Supplied material Block Start
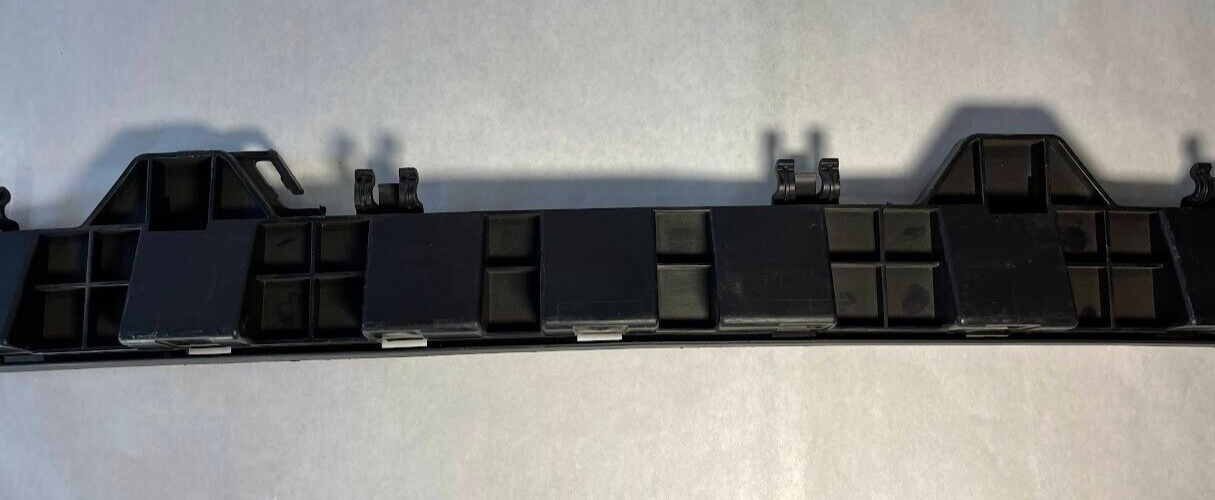 Mercedes-Benz Rear Center Bumper Impact Absorber - 2048850565 - For MBZ C Class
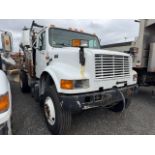 2000 International 4900 w/ Salter (INOPERABLE)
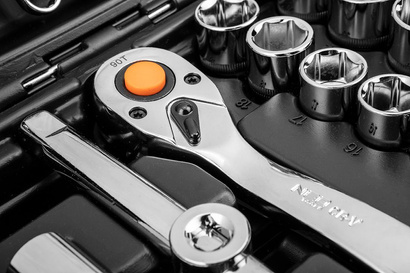 Zestaw kluczy nasadowych 1/2", 1/4" 82 elementów Neo 10-058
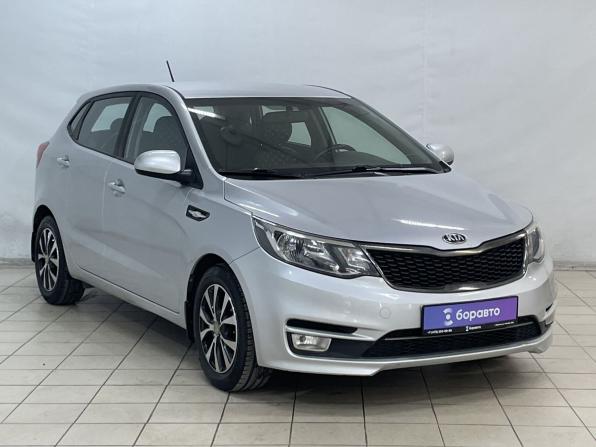 Kia Rio III Рестайлинг с пробегом 2016 года, цена 950 000 рублей, 119683 км, хэтчбек, Автокод Объявления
Supplied material Block End
• _Description of the task_:
Reproduce the lines above exactly, image-free.

• _Solution_:
 Mercedes-Benz Rear Center Bumper Impact Absorber - 2048850565 - For MBZ C Class
 2000 International 4900 w/ Salter (INOPERABLE)
 Zestaw kluczy nasadowych 1/2", 1/4" 82 elementów Neo 10-058
 Kia Rio III Рестайлинг с пробегом 2016 года, цена 950 000 рублей, 119683 км, хэтчбек, Автокод Объявления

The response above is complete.